$M \otimes_R K$ is uniquely divisible as $R$-module

Question

A module $M$ over a domain $R$ is called uniquely divisible if for every $r \in R \setminus\lbrace 0 \rbrace$ the endomorphism $$\phi_r : M \to M$$ $$m \mapsto r \cdot m$$ is a bijection.

Let $K$ be the field of fraction of $R$. I have to prove that for any $R$-module $M$ , $M \otimes_R K$ is uniquely divisible as $R$-module.

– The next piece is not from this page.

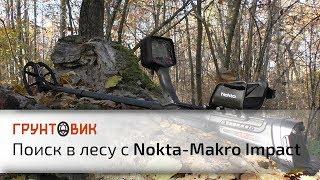 Nokta|Makro Impact Pro | Поиск в лесу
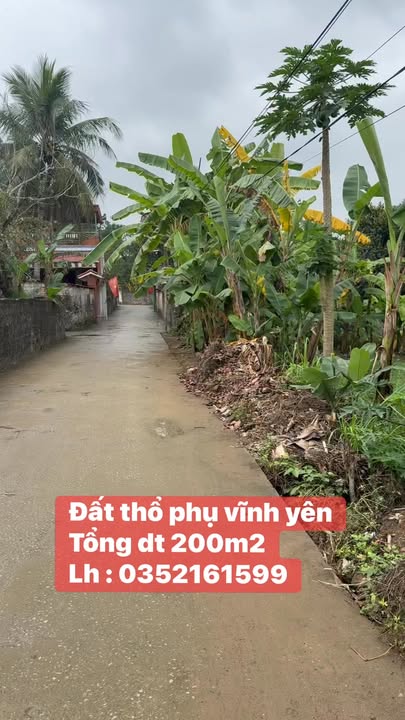 Đất nền 200m² Vĩnh Lộc, Thanh Hóa - Sổ đỏ sẵn sàng giao dịch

I have proved that $\phi_r$ is surjective, but how to prove the injectivity ?

Answer 1

Hint $1$: If $R$ is a domain, then $K=\mathrm{Frac}(R)$ is a flat $R$-module.

Hint $2$: If $N_r=\{m\in M\mid r\cdot m=0\}$, then $N_r\otimes_{R}K=0$ for $r\ne 0$.

Now for any $r\ne 0$, consider the exact sequence of $R$-modules:

$$0\to N_r\to M\to rM\to 0$$

Can you finish the argument from here?

Answer 2

The module $M\otimes_RK$ is a vector space over $K$. For any $\alpha\in K$, $\alpha\ne0$, and any vector space $V$ over $K$, the map $v\mapsto \alpha v$ is bijective.